As I continue to think about my late Mother, Kaye Gillespie, I’ve decided to use The Message as my sole Bible translation for the next year. This was my Mom’s favorite translation and she even gave a copy of it to my daughter on her 9th birthday. I have to be honest, though…I’ve never really been a fan of The Message. And to be honest ever further, I’ve never really given it a proper reading, either. While I enjoy a good dynamic equivalent translation (the Common English Bible and the New Living Translation are my current favorites and have been for awhile), I’ve never really considered a “paraphrase” as a go-to Bible. But The Message really isn’t a paraphrase as it’s more of an idiomatic translation from the original languages into contemporary English.

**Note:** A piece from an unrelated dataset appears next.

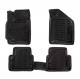 коврики AIRLINE салонные Chevrolet Lacetti (2004-2012) 3D с подпятником, высокий борт, полимер, черн. компл. 4 шт ACM-PS-21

For those of you who don’t know, The Message is a Bible written by Eugene H. Peterson, an awarding winning author, pastor, poet, and scholar. Peterson decided to create this work because of a class he was teaching on Paul’s letter to the Galatians. He said—
“I began to realize that the adults in my class weren’t feeling the vitality and directness that I sensed as I read and studied the New Testament in its original Greek. Writing straight from the original text, I began to attempt to bring into English the rhythms and idioms of the original language. I knew that the early readers of the New Testament were captured and engaged by these writings and I wanted my congregation to be impacted in the same way. I hoped to bring the New Testament to life for two different types of people: those who hadn’t read the Bible because it seemed too distant and irrelevant and those who had read the Bible so much that it had become ‘old hat’.”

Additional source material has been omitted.